===== Dataset records
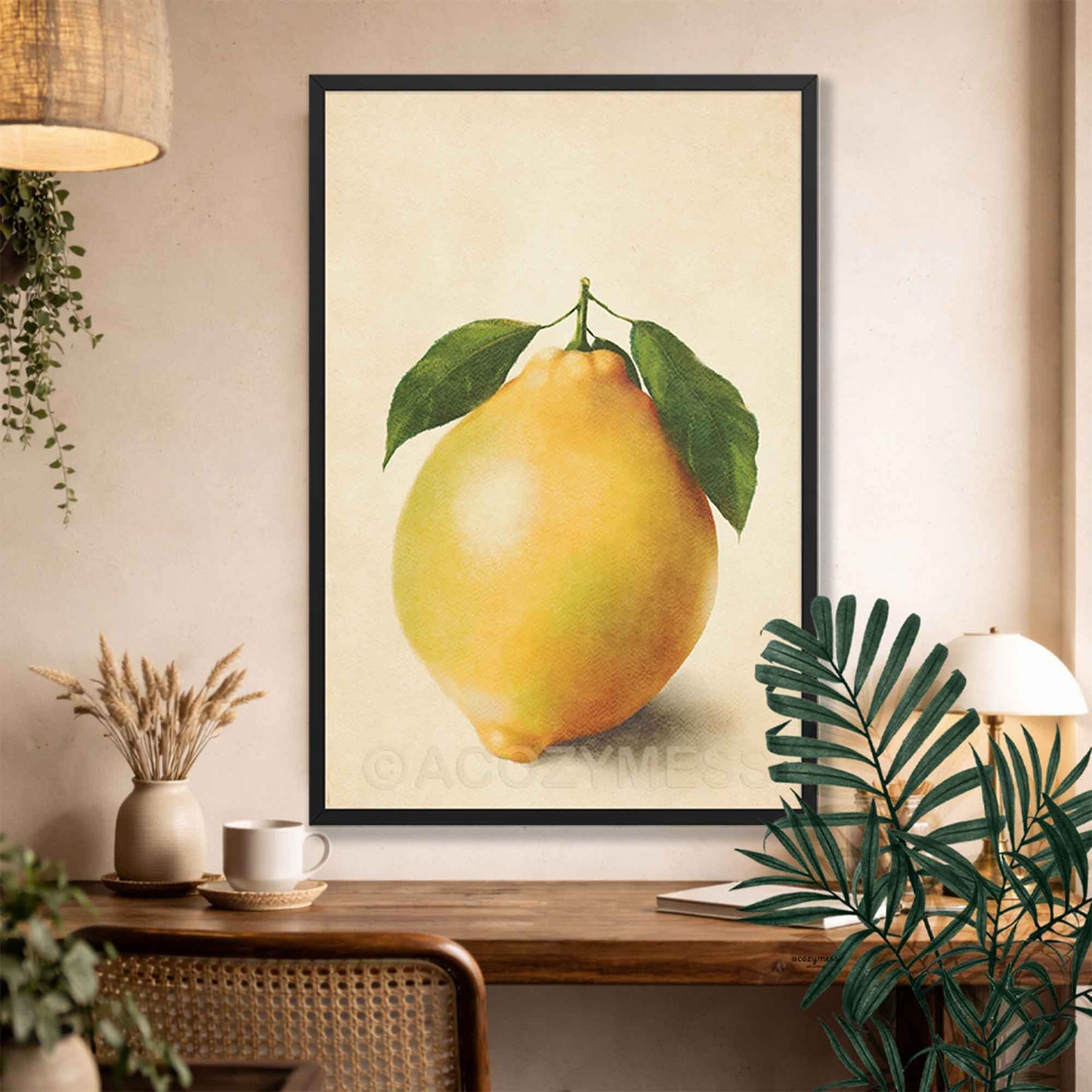 Black Framed artwork of a lemon on a wall above a wooden console table with decor items.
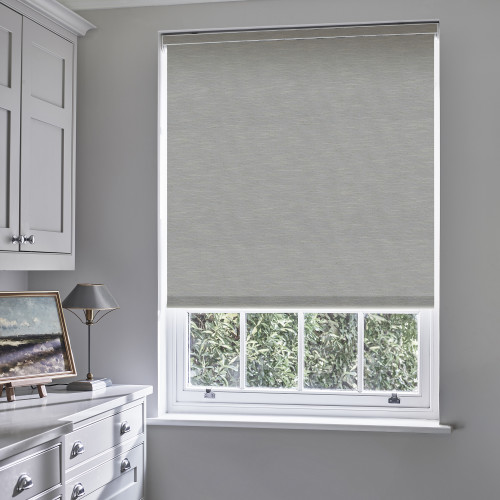 Grey roller blind, lowered over a sash window to cover the upper panes and filter daylight; pale-grey room with a dresser, lamp and framed painting, view of dense green shrubs outside.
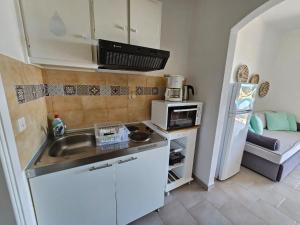 una piccola cucina con lavandino e forno a microonde di Standart Apartments , Glyfada Beach a Glifada (Glyfada)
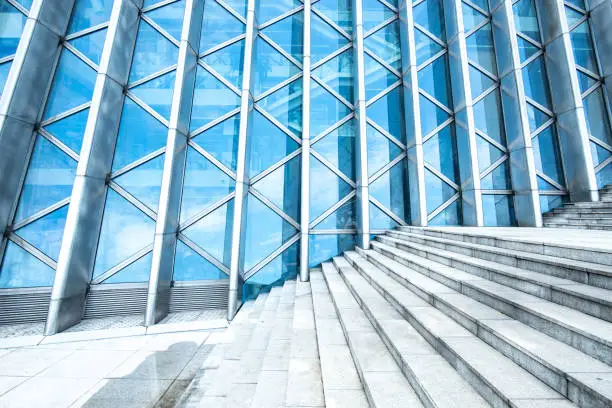 background of modern building, wall reflection with blue sky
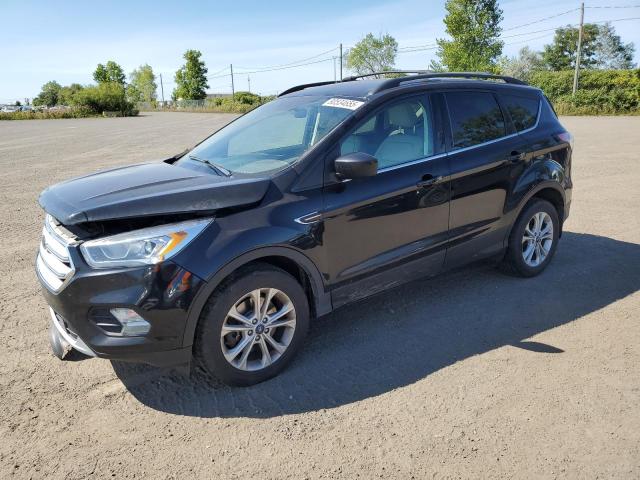 FORD ESCAPE SEL 2018 with VIN 1FMCU9H91JUC96838 - Photo from auction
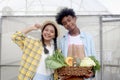 Portrait of two multiethnic teenager friend, Asian girl and African boy holding fresh harvest fruit vegetable basket at front of Royalty Free Stock Photo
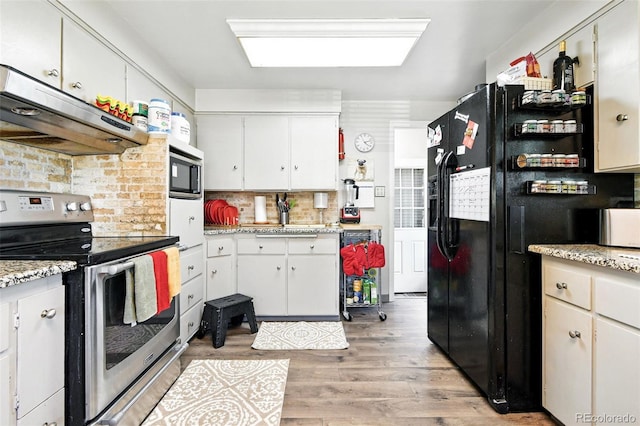 3691 Allison St, Wheat Ridge, CO 80033 - kitchen with stainless steel range with electric stovetop, exhaust hood, black fridge, light wood-style flooring, and light countertops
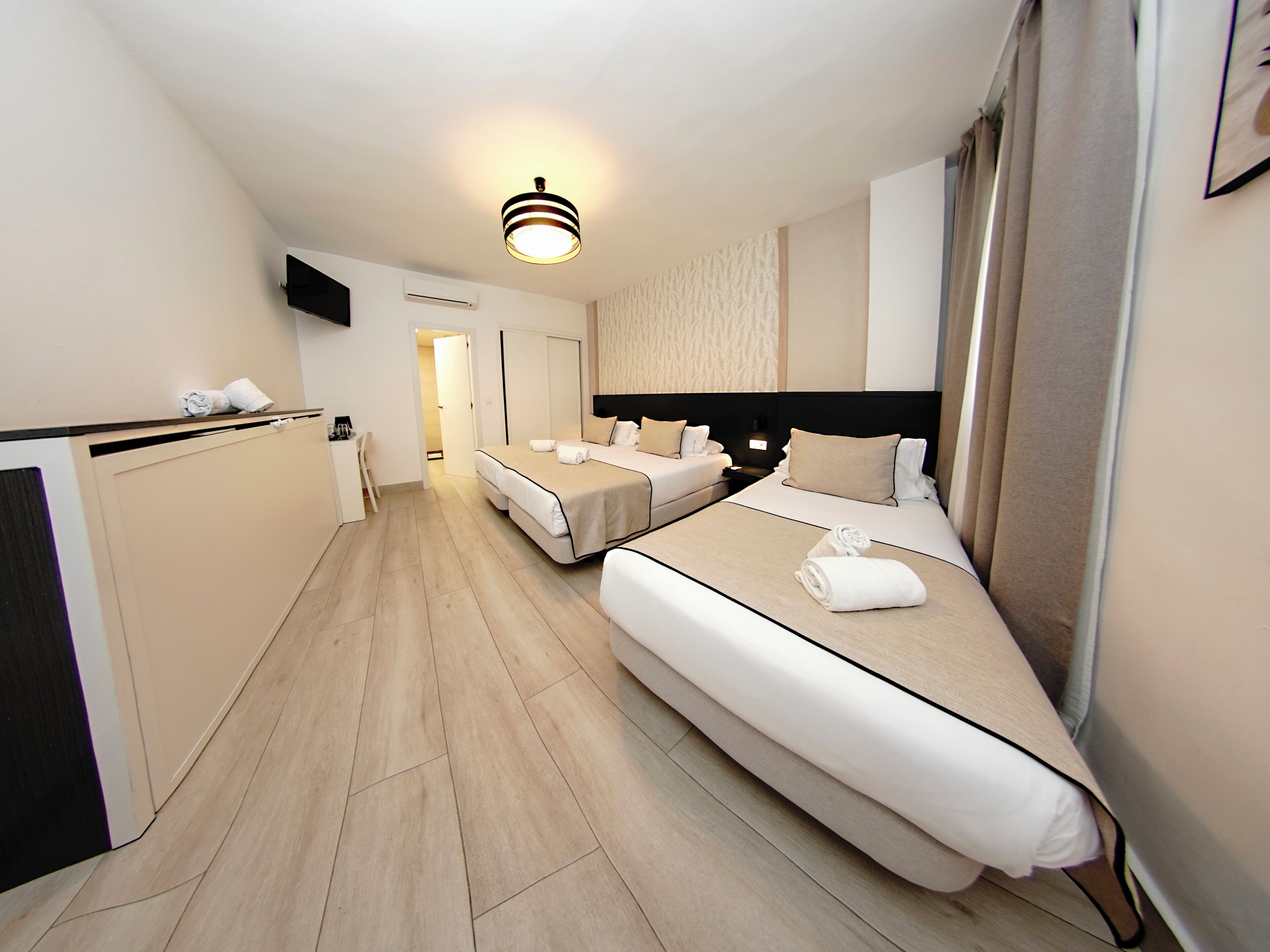 Habitación de hotel con dos camas, un escritorio y un televisor.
==========
▶ **Try it**: Retype the listing exactly and drop the pictures.

▶ **Written answer**:
 Black Framed artwork of a lemon on a wall above a wooden console table with decor items.
 Grey roller blind, lowered over a sash window to cover the upper panes and filter daylight; pale-grey room with a dresser, lamp and framed painting, view of dense green shrubs outside.
 una piccola cucina con lavandino e forno a microonde di Standart Apartments , Glyfada Beach a Glifada (Glyfada)
 background of modern building, wall reflection with blue sky
 FORD ESCAPE SEL 2018 with VIN 1FMCU9H91JUC96838 - Photo from auction
 Portrait of two multiethnic teenager friend, Asian girl and African boy holding fresh harvest fruit vegetable basket at front of Royalty Free Stock Photo
 3691 Allison St, Wheat Ridge, CO 80033 - kitchen with stainless steel range with electric stovetop, exhaust hood, black fridge, light wood-style flooring, and light countertops
 Habitación de hotel con dos camas, un escritorio y un televisor.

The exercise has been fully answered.